LONDON - The hostage crisis has upended the Obama administration's strategy for coordinating an international military campaign against Al-Qaida fighters in North Africa, leaving U.S., European and African leaders even more at odds over how to tackle the problem.

For months, U.S. officials have lobbied Algeria -- whose military is by far the strongest in North Africa -- to help intervene in next-door Mali, where jihadists have established a base of operations. Secretary of State Hillary Rodham Clinton and other high-ranking U.S. officials made repeated visits to Algiers in the fall in a bid to persuade the oil-rich country to contribute troops to a U.N.-backed force in Mali.

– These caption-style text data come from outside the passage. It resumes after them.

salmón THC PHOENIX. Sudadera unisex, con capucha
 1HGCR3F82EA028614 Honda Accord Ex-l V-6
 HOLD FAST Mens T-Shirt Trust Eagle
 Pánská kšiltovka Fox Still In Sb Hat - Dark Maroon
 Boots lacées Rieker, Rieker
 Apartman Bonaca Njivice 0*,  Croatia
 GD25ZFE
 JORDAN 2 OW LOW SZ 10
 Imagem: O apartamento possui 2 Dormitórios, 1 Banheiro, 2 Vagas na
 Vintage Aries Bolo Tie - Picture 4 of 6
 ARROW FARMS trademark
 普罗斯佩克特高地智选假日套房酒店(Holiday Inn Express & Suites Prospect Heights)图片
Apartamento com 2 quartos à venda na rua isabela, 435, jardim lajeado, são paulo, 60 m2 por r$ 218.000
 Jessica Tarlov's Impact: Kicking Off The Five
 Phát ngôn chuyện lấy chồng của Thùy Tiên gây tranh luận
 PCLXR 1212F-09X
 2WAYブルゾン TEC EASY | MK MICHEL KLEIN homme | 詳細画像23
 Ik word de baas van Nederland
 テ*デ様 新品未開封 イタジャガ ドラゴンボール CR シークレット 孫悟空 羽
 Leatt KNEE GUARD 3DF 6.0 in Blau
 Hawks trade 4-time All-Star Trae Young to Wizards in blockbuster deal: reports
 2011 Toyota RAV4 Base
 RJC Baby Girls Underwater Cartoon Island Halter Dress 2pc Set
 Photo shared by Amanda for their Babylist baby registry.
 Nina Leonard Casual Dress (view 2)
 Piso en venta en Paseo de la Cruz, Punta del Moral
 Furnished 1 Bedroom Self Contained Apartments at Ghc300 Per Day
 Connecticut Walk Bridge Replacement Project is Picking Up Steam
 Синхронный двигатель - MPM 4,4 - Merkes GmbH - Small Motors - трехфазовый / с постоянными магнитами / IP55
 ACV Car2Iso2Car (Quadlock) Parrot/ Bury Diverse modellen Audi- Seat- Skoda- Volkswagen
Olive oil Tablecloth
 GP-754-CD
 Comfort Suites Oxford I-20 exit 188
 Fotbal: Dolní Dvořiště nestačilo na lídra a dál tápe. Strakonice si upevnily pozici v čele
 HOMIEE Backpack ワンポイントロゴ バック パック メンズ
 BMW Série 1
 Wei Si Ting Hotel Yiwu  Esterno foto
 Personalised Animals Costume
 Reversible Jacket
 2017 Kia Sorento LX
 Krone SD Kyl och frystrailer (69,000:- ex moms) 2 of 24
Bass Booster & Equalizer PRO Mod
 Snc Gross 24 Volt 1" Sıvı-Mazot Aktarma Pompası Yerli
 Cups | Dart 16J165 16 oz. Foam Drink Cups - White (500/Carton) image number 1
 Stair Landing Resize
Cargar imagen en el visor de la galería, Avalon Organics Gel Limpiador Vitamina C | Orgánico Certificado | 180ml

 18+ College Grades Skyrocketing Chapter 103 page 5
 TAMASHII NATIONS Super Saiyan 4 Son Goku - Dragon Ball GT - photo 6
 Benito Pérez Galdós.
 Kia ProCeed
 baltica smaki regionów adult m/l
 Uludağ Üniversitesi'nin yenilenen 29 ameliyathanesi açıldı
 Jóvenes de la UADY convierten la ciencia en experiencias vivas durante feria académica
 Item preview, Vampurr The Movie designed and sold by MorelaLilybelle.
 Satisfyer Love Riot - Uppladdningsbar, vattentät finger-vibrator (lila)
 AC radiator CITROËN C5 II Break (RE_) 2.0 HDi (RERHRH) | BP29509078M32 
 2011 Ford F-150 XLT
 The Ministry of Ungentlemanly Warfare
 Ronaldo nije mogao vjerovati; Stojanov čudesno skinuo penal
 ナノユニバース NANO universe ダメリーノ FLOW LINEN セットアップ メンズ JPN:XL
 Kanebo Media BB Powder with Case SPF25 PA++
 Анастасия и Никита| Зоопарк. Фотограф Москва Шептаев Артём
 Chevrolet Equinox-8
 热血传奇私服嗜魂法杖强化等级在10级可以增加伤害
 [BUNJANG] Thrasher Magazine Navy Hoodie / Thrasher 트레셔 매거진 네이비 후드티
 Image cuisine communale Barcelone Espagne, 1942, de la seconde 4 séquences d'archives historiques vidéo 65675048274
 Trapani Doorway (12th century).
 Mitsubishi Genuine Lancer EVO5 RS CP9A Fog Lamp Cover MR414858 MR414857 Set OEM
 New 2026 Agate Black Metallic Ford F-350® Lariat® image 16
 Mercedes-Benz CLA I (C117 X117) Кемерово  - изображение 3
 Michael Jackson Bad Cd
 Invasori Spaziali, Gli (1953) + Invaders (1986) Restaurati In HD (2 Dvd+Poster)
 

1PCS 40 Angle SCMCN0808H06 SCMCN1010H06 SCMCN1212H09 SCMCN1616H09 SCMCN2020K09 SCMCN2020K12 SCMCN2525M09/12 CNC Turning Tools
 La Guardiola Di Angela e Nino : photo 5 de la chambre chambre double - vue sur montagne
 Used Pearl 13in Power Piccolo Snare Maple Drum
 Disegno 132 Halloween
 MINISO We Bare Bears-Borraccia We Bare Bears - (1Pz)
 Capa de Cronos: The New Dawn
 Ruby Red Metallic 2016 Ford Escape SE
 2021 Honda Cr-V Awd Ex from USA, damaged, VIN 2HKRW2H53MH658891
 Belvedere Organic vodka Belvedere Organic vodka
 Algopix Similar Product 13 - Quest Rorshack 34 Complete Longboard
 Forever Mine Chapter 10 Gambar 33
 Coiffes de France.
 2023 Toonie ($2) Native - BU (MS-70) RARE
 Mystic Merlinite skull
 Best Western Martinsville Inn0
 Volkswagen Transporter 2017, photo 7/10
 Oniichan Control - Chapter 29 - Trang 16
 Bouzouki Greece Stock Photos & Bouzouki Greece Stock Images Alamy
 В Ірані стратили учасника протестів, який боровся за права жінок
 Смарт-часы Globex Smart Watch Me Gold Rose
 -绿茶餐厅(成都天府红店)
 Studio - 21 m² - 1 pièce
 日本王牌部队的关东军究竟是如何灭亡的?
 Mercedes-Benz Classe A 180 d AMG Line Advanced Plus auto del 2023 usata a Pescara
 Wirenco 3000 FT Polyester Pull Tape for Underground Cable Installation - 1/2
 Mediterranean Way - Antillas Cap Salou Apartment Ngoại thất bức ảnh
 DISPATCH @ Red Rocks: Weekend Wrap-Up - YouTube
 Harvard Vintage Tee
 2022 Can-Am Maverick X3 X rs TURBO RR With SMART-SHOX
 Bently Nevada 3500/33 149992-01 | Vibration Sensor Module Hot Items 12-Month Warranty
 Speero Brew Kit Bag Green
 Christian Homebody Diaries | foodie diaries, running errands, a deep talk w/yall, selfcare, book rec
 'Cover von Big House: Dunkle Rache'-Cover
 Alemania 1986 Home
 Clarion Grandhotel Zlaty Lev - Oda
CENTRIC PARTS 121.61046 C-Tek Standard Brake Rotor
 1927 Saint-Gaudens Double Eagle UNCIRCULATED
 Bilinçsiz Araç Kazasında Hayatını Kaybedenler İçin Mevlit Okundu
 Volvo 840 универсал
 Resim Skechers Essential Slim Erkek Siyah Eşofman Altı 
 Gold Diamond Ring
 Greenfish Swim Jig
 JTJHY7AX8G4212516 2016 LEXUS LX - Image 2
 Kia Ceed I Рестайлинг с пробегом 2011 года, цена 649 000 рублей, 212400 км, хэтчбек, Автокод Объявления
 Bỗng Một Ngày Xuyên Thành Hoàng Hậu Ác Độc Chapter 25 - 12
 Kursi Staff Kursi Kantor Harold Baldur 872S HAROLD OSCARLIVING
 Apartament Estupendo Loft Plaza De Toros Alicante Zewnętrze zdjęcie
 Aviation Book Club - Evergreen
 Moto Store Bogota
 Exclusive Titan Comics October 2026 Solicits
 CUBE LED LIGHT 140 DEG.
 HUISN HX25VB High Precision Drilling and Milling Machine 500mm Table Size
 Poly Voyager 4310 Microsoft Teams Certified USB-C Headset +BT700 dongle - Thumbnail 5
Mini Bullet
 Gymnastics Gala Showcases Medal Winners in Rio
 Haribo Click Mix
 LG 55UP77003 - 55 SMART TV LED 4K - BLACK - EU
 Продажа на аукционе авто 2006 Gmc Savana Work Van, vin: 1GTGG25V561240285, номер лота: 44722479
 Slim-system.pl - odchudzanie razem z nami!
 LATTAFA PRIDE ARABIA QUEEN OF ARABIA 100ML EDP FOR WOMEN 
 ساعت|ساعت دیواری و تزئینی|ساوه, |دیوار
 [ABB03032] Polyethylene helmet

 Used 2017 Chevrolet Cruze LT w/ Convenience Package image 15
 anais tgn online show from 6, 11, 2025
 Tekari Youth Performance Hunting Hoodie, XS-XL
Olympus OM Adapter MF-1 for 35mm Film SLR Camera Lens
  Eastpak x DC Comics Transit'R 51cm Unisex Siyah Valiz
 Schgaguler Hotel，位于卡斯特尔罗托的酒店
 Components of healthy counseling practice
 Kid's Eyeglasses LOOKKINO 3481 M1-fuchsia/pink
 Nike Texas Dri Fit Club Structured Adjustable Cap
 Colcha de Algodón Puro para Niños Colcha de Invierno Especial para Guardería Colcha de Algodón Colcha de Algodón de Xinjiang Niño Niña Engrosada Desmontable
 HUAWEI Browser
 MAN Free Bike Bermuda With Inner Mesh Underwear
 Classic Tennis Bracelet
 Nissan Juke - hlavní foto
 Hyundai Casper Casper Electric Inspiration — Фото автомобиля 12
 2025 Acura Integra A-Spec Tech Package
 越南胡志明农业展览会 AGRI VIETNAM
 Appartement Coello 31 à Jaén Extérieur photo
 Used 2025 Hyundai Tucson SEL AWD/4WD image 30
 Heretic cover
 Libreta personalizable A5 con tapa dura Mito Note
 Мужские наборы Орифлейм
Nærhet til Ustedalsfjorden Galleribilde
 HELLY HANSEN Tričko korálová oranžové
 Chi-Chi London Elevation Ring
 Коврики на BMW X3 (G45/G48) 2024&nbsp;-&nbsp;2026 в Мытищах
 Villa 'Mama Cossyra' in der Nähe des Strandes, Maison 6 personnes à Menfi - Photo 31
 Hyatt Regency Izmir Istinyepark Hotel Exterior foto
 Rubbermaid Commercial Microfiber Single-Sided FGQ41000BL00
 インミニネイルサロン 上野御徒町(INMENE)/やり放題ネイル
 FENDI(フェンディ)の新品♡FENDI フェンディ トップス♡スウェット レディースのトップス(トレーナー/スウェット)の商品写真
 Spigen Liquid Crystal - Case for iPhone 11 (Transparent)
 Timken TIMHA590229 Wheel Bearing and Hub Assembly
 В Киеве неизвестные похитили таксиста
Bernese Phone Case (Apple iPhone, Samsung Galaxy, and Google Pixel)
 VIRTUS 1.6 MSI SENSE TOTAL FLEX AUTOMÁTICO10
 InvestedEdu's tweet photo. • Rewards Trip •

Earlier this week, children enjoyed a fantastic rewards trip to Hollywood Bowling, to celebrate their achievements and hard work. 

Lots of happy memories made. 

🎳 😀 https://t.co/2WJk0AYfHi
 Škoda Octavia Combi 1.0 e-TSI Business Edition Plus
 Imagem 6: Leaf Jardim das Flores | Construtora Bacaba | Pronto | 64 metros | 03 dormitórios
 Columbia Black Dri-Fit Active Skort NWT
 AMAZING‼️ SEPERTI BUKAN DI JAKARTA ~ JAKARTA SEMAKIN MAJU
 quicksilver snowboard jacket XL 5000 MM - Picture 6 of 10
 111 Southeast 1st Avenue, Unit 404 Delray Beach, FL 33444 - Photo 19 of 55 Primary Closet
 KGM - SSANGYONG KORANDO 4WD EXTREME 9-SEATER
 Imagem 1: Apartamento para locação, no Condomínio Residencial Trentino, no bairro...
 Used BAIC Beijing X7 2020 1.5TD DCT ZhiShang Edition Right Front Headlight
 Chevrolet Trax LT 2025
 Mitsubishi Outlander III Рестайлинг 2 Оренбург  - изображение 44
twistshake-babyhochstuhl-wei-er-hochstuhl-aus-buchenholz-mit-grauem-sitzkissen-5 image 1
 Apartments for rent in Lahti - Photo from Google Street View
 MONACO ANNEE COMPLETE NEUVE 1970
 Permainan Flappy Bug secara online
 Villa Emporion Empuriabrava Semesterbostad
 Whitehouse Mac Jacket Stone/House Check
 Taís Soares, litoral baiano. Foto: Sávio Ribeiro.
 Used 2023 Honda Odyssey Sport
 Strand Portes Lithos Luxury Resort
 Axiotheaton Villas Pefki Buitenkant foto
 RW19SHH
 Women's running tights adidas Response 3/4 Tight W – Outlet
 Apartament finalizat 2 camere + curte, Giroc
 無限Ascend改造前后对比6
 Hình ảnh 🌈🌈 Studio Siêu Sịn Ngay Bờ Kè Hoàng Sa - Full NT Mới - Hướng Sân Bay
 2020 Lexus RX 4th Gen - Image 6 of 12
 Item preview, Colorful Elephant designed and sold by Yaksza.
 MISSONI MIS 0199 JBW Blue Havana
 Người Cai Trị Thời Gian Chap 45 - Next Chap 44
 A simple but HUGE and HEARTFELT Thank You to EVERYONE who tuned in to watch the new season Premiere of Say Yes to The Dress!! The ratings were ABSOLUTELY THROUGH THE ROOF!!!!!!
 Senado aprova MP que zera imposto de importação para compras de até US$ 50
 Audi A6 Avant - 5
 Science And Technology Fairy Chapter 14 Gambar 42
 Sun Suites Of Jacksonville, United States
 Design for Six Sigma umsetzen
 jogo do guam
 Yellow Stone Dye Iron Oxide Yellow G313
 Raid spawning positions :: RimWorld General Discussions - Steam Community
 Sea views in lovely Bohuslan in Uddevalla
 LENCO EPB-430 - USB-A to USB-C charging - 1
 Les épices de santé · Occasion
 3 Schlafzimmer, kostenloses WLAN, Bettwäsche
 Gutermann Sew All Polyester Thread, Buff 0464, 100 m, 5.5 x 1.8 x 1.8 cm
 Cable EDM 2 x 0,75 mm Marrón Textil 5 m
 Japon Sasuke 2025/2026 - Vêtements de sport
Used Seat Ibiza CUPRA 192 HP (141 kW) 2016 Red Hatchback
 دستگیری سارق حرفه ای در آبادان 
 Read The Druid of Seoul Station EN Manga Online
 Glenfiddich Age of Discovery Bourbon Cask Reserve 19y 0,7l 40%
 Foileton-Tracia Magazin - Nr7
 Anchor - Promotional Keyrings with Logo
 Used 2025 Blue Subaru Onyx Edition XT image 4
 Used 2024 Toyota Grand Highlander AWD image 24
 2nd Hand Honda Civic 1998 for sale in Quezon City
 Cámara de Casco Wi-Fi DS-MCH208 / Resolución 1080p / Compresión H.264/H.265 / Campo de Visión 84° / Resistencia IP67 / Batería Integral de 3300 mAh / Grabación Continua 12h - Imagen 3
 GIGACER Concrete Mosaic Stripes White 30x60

But Algeria's unilateral decision to attack kidnappers at a natural gas plant -- while shunning outside help, imposing a virtual information blackout -- has dampened hopes that it might cooperate militarily in Mali, U.S. officials said. The crisis has strained ties between Algiers and Washington and increased doubts about whether Algeria can be relied upon to work to dismantle Al-Qaida's franchise in North Africa. "The result is that the U.S. will have squandered six to eight months of diplomacy for how it wants to deal with Mali," said Geoff Porter, a security analyst.

Obama officials have said that a multinational military intervention is necessary to stabilize Mali but that such a campaign must be led by African countries and is unlikely to succeed without Algeria. Algeria's intelligence services are the most knowledgeable about the Islamist networks that have taken root. It is also the birthplace of Al-Qaida's affiliate in North Africa, known as Al-Qaida in the Islamic Maghreb, or AQIM. Most of the group's leaders and allies are Algerian, including the suspected ringleader of the hostage plot, a desert bandit named Mokhtar Belmokhtar.

The group has expanded to Mali, Mauritania and Niger. But Algeria has been reluctant to fight AQIM outside its borders. The reasons are complex, but Algerian leaders say they are under little obligation to help other countries facing the problem -- such as Mali -- given that no one came to their aid in the 1990s when they fought their own civil war against insurgents.

The region was recently destabilized by a flood of weaponry and armed Tuaregs who had fought for Moammar Gadhafi but escaped across Libya's borders. Many of those mercenaries have since teamed with AQIM to take control of the northern half of Mali. "This has just been an utter disaster. It was eminently foreseeable," a senior U.S. diplomat said of the ripple effects from Libya. "It was the infusion of that additional manpower and weapons ... that enabled this to happen."

As the extremist threat has become more acute, the U.S. military has pressed Algeria for overflight permission so its long-range reconnaissance planes can reach northern Mali from U.S. bases in Europe. Algiers has agreed at times, but it only approves flights on a case-by-case basis, U.S. officials said. It withheld blanket permission unless Washington promises to share intelligence from the flights, including what they observe while over Algerian territory. U.S. officials said they are legally barred from doing so because of concerns that Algeria -- which has a history of extrajudicial killings -- might misuse the intelligence to target political opponents, not terrorists.